Born and raised in Kathmandu, Nepal, Anay comes from the family lineage of Repa Dorje Chang, a disciple of the Tibetan mystic Jetsun Milarepa. With a passion for art and spirituality at an early age, he studied traditional thangka—ornate renderings of Tibetan Buddhist deities and historical figures—painting at the Modern Art School in Mussoorie, India, before apprenticing under renowned Newar paubha—the Nepalese equivalent of the thangka—master Roshan Shakya, in Kathmandu, and Tibetan thangka master Ven. Jamyang, in Dharamsala, India. In 2003, Anay was chosen by the Fourteenth Dalai Lama and Khandro Kunga Bhuma, a realized practitioner and female oracle, to be artist-in-residence at His Holiness’s complex in Dharamsala, where he would spend the next eighteen years.
Anay has developed a distinctive painting style marked by traditional Himalayan forms, bold fields of color, and converging abstract patterns.
During his tenure, Anay served as the art director and lead artist for the creation of a series of sprawling thangkas—now installed within the inner sanctum of the five-story Great Stupa in Tawang, Arunachal Pradesh, India—as well as a body of sacred manuscript folio artworks. For Anay, this experience was transformative not only for his technical skills but also for his outlook on art itself. “At the beginning, I thought that art is just art, and it’s nothing more than that,” he says. “But while working on the project, I learned that art is a medium that can be used to improve ourselves inwardly.” With this in mind, Anay left the Dalai Lama’s residence ready to create accessible artwork and share it with the public, thus beginning his career as a modern artist.

In the years since his departure from Dharamsala, Anay has developed a distinctive painting style marked by traditional Himalayan forms, bold fields of color, and converging abstract patterns. An attempt to follow these luminous pathways around the canvas may induce in the viewer a meditative state, where feelings of compassion and interconnectedness naturally arise. Anay encourages such spaces of reflection, or “investigation.” “I want … viewers to learn and appreciate the human nature that we innately possess, because everything,” he says, “including happiness, comes from the inside.”
“If we can connect to the material world and the inner world, we will actually see the harmony that we can create within.”
To be sure, the blooming faces of Anay’s signature “happiness pods,” seen in Sun, Moon, and Star – Golden Field of Blessings (pp. 70–71), speak directly to our joyous nature. Other pieces, such as the aptly titled Shifting Emotions (p. 73), evoke a wider range of feelings.
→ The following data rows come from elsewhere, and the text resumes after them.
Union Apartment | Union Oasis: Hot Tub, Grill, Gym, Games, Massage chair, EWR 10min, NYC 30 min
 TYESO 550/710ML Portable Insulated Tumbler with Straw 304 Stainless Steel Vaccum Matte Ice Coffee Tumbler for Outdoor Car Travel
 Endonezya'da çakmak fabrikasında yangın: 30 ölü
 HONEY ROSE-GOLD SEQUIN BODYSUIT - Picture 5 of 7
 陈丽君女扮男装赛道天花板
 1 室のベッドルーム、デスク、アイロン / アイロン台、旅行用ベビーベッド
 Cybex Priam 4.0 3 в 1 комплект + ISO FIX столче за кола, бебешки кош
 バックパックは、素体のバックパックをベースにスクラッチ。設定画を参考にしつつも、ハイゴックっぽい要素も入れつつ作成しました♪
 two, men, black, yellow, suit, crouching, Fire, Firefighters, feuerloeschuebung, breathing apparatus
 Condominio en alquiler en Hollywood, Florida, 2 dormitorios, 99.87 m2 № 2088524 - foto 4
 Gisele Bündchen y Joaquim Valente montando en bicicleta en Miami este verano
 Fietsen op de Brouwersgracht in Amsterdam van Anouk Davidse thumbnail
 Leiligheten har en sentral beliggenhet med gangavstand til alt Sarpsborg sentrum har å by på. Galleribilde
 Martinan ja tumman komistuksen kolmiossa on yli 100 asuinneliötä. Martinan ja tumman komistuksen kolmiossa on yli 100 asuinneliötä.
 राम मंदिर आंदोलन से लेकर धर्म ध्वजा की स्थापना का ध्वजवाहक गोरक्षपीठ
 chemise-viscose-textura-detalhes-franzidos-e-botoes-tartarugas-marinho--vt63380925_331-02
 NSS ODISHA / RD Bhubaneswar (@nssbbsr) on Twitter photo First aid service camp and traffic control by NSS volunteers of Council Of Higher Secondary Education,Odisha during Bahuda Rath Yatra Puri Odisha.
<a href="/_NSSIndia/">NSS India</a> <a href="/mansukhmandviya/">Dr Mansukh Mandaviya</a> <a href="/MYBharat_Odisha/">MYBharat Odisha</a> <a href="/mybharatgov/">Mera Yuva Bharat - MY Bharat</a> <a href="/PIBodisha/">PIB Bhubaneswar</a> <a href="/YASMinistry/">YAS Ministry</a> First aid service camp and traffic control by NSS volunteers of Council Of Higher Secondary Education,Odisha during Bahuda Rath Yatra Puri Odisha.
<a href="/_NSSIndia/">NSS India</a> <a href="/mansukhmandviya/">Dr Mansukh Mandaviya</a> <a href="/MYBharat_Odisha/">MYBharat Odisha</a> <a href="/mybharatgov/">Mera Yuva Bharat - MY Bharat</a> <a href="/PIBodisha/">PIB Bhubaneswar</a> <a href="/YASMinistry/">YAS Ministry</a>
The beauty of both the background and the leading lady are offset by her noticeably flat affect. Upon close inspection, the viewer sees that her wide eyes are filled with people and objects, hinting at our own complicated inner worlds and encouraging us to recognize this in others.

Anay’s expertise as a thankga master is especially clear in his works that feature the seated Shakyamuni Buddha, as seen on this issue’s cover. An original creation for Tricycle’s Winter 2025 issue, the cover image combines classic elements of Tibetan Buddha depictions with Anay’s signature ornamental flair. He told Tricycle that he wanted to create a painting that “symbolizes timeless Buddhist teachings and the human experience in contemporary times.” Surrounded by bright shapes and lotuses, the serene Buddha in the foreground holds a luminous sphere in his hand. “The sphere is a universal metaphor,”Anay says. “It symbolizes the innate pure nature of every being, reflecting the fundamental qualities embodied by Shakyamuni Buddha.”
Looking ahead, Anay hopes that his art can inspire spiritual growth on “even the smallest scale.” “I pour my soul into the art based on my Buddhist values,” he continues, “so I want to be able to give any type of little joy or happiness to the viewers who see my art.”